Lettera al direttore. Resistere alla "disperanza" politica senza farsi abbindolare
Gentile direttore,
sono prossimo ai settanta anni, e diverse volte nella mia vita di cittadino mi sono lasciato trascinare da uomini politici, un po’ per la simpatia che emanavano e talvolta per quello che dicevano e promettevano di fare (Pannella, Segni, Prodi, Monti, Renzi...). A chi non piacciono le prospettive di rinnovamento? E così le facciamo nostre con la speranza che si avverino, ma ahimè ogni volta ho dovuto concludere che mi ero lasciato “abbindolare”. Pensi, direttore, che non ho trascurato neppure Grillo e Salvini... Una sola cosa sono riuscito a capire: appena si entra, in un modo o nell’altro, nei palazzi e soprattutto a Palazzo Chigi sembra di finire nelle sabbie mobili dove quasi tutti i buoni sentimenti sprofondano. Con le speranze di noi cittadini.
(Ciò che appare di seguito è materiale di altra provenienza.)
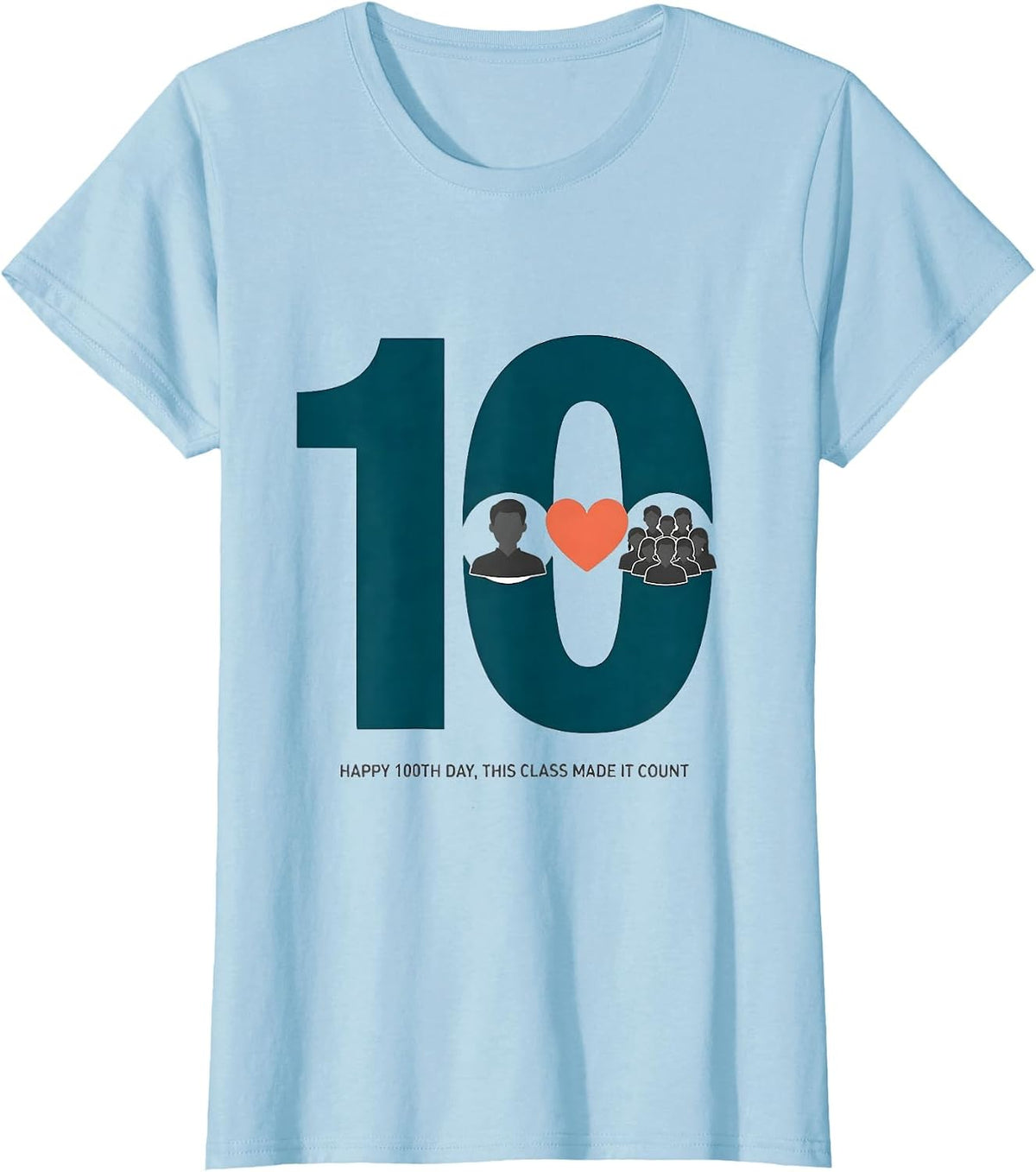 Women's Happy 100th Day, This Class Made It Count Teacher T-Shirt - Baby Blue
Enzo Campagnolo, BiellaSo che quel verbo – abbindolare – non l’ha scelto a caso, gentile signor Enzo. L’aveva usato il cardinal Bagnasco, suscitando un bel po’ di titoli – ai primi di febbraio del 2013 – poco prima delle elezioni generali per l’attuale Parlamento. «Gli italiani hanno bisogno della verità delle cose, senza sconti, senza tragedie, ma anche senza illusioni», disse il presidente della Cei ai giornalisti che lo interrogavano. E a chi gli chiedeva se condividesse un severo parere espresso da me su questo giornale a proposito della scarsa qualità delle risposte della politica («vecchie e deludenti o, nella migliore delle ipotesi, altalenanti») alle domande poste dai cittadini, replicò dicendo, appunto, che «la gente non si fa più abbindolare da niente e da nessuno». Penso che fosse vero allora, come dimostrò il terremoto politico nell’urna che di lì a poco cambiò i tre quarti dei parlamentari e smentì quasi tutte le previsioni della vigilia elettorale. E penso che sia vero ancora adesso, in cui in tanti sentiamo di essere tornati a camminare su un sentiero stretto tra le «sabbie mobili», da lei evocate, che inghiottono quasi tutte le buone intenzioni e i burroni dell’ideologismo e del populismo demagogico. Alcuni dei politici ai quali lei si è via via affidato “per simpatia”, io non li avrei presi neppure in considerazione. Ma ammiro la sua passata tenacia e la esorto, se davvero le interessa la mia opinione, a non arrendersi alla disperanza. Guardare a una personalità e sceglierla è importante, ma penso che in questo Paese la partecipazione politica tornerà a essere una cosa seria, la stima per i partiti almeno decente e la cittadinanza un esercizio più concreto quando saremo di nuovo in condizione di scegliere davvero il nostro parlamentare e la politica tornerà a essere un fatto più corale, basato su regole democratiche e trasparenti e anche su leadership plurali, non quindi sulla logica dell’«uomo solo al comando» che, bene o male (più male che bene), ha caratterizzato gli ultimi venti anni. Questo, per me, sarebbe un benedetto rinnovamento.